More than £215m was blown in the 2011 winter window; £50m on Fernando Torres, £35m on Andy Carroll and £23m on David Luiz.
If that is what more than £100m buys you at this time of the season, no wonder everyone stayed at home, keeping away from a period that has never been recognised as the Christmas sales.
A Premier League manager acknowledged at the end of December that the following month was being recognised now for a time of bad deals. In the past it has signified desperation, yet there seemed little of that in the closing moments last night.
With two hours of the window still to go – and in theory a great deal could still have happened – Sky dramatically announced: "Breaking news from the Championship!" And that was the lead item.

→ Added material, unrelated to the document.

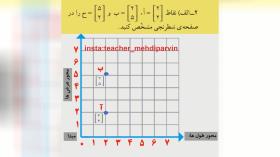 محور مختصات ریاضی ششم ـ قسمت سوم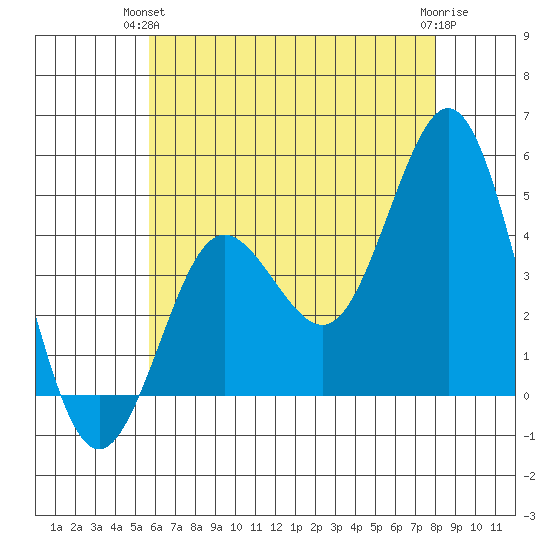 Point Loma tide chart for Wednesday, June 23, 2021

At that time, Manchester City, Chelsea and Liverpool were watching Brighton do business. Whatever the benefits and flaws of Financial Fair Play – and it is a huge issue – what played out yesterday was more the vision of Uefa's Michel Platini. For once the English did not go mad in the midwinter window.
Of course, all three have spent a small fortune over the last 18 months, some of it hastened by the need to get the crazy deals done before their respective books would have to make a semblance of sense.
But perhaps Platini will take satisfaction that part of his plan at least came into force in the world's richest league. If by the close an entire nation's football clubs had spent less than Chelsea did on Torres (and it will be pretty close) then he has, at least for now, his justification.
The magic figure this time was £10m, a fifth of what Torres went for. Newcastle flirted with it by paying £8m for Papiss Cissé. Chelsea went even closer with the £9m it cost them to buy Kevin de Bruyne from Genk, who was deemed so exciting and so imperative to the rest of their struggling season that he was promptly loaned back to the same club.
Everton went relatively massive for them given their recent financial problems with the £5m they paid Rangers for Nikica Jelavic and in the capital it was Queen's Park Rangers who were once more giving it the (comparatively) big one. Around £4m went on Djibril Cissé and another £5-6m was being put together for Bobby Zamora.
They would hardly have got a mention this time last year. This was the window that promised little and lived down to its promises. Those at the start of the month warned of a plethora of loan deals. Football clubs were not awash with money, and in a traditional seller's market, simply refused to budge.
Witness Newcastle's battle to prise Adrian Mariappa from Watford. It was hard to be critical of either club; the Premier League side do not want to be known as wanton anymore and the Championship boys wanted their pound of flesh for a player they have nurtured. It was a squabble over the course of a week for around £1m; four weeks worth of Yaya Touré if you look at it in a different way. These are financial fights that Premier League clubs are only just starting to make. Something in that makes sense; it just didn't make good TV.
Facts in figures
55 million pounds spent by Premier League clubs
215m pounds spent in January last year – a total of £30m was spent in 2010
17.5 millions spent by Chelsea – the most in the Premier League
6 - the number of new players signed by Queen's Park Rangers
Figures correct at time of going to press.